Toward Fusion-Inhibitory Peptides that Block SARS-CoV-2 Infection
Samuel Gellman
Professor of Chemistry, University of Wisconsin-Madison
SARS-CoV-2 infection requires fusion of the viral envelope with a host cell membrane. The viral spike protein (S) orchestrates fusion via a class I mechanism. Fusion of the lipid bilayers is driven by dramatic rearrangements of the S trimer, which lead to formation of a highly stable “six-helix bundle” (6HB) post-fusion assembly. In general, 6HB assemblies contain a core trimer of α-helices formed by N-terminal heptad repeat (HRN) segments. This core is surrounded by three HRC segments that are entirely or partially helical, depending on the virus. As is often true for class I viral fusion proteins, long peptides derived from the HRC domain of the native fusion protein can inhibit SARS-CoV-2 entry. Our laboratory is part of a collaborative team that is developing backbone-modified fusion inhibitors intended to block SARS-CoV-2 infection and resist proteolytic degradation. This effort builds upon our experience with inhibitors of other enveloped viruses, including HIV and HPIV3.

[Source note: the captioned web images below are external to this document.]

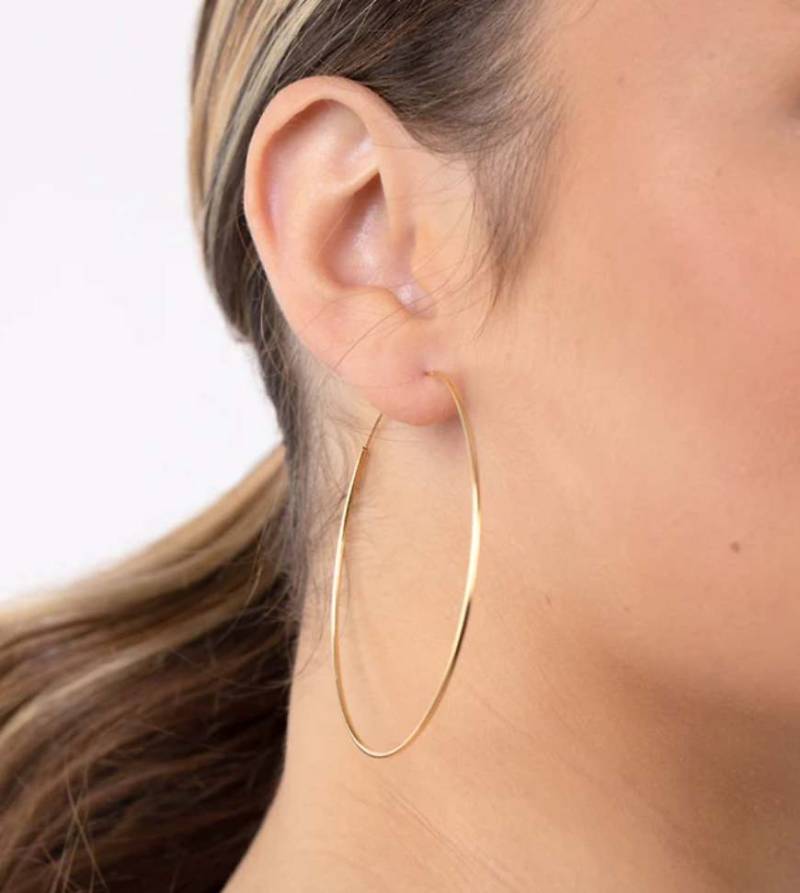 Lovisa - 60 mm feine Creolen aus vergoldetem Sterlingsilber in Goldoptik-Goldfarben von Lovisa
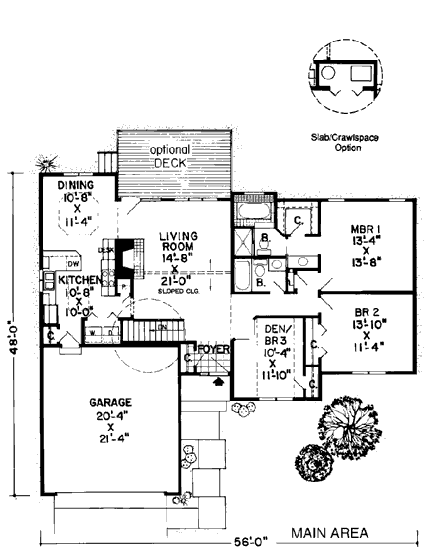 One-Story, Ranch House Plan 34154 with 3 Beds, 2 Baths, 2 Car Garage First Level Plan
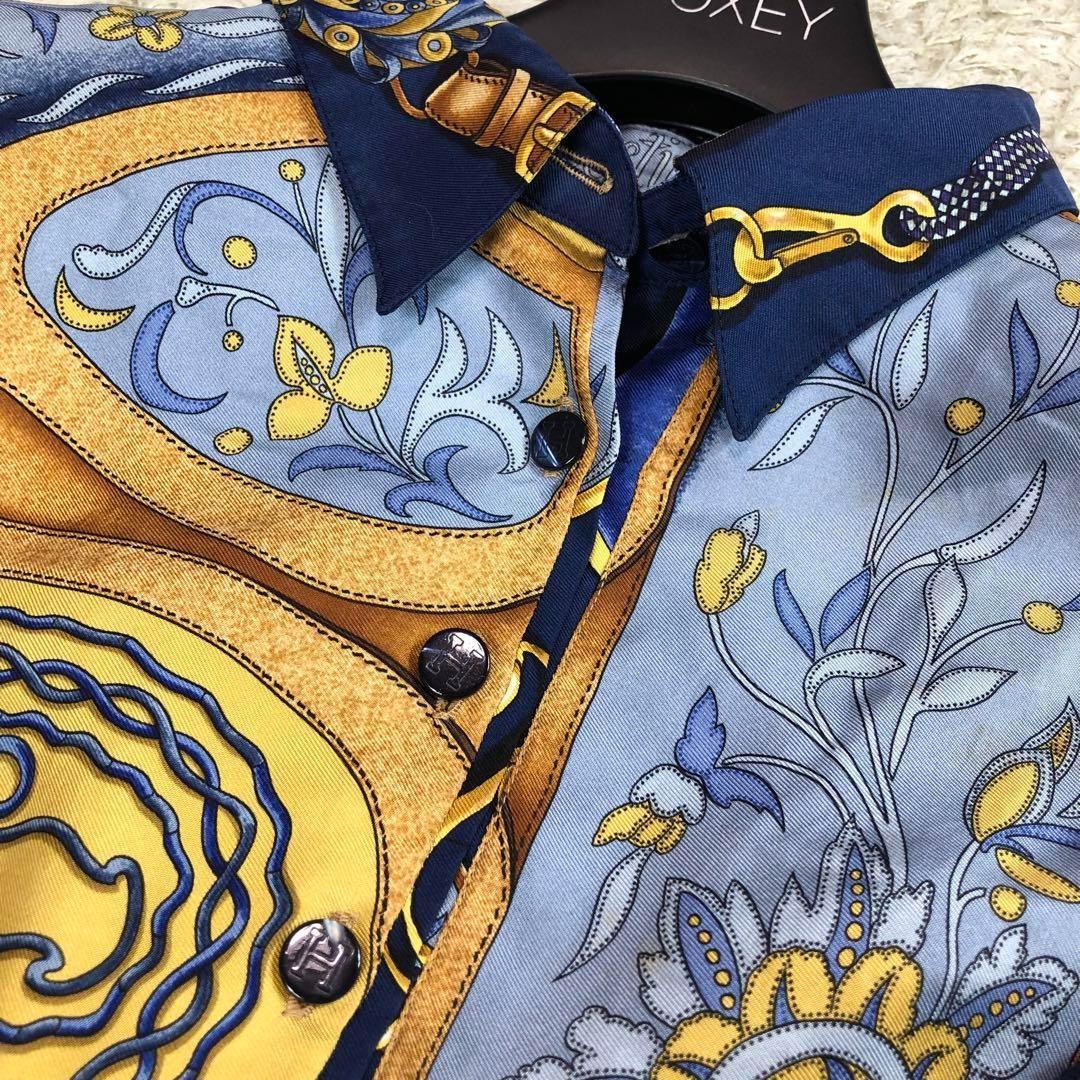 エルメス ヴィンテージ スカーフ柄 ポロシャツ ニット シルク カシミヤ M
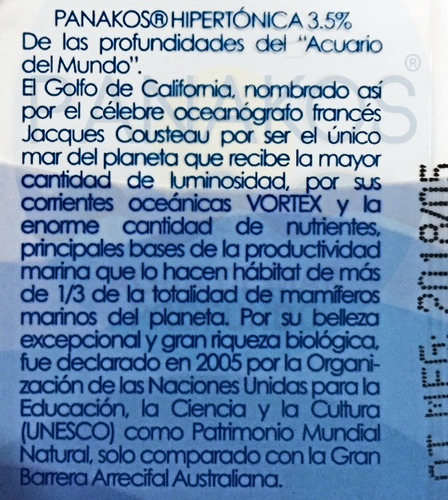 Agua De Mar Orgánica Hipertónica 6 Litros Envío Gratis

Sam Gellman is the Ralph F. Hirschmann Professor of Chemistry and a Vilas Research Professor at the University of Wisconsin - Madison. Major interests in his research program focus on polypeptides in diverse forms and settings. Specific topics include elucidation of the origins of peptide and protein folding preferences, development of unnatural peptidic oligomers that display protein-like conformational behavior ("foldamers"), and the engineering of foldamers that can inhibit deleterious protein-protein interactions or mimic the receptor-activation behavior of peptide hormones.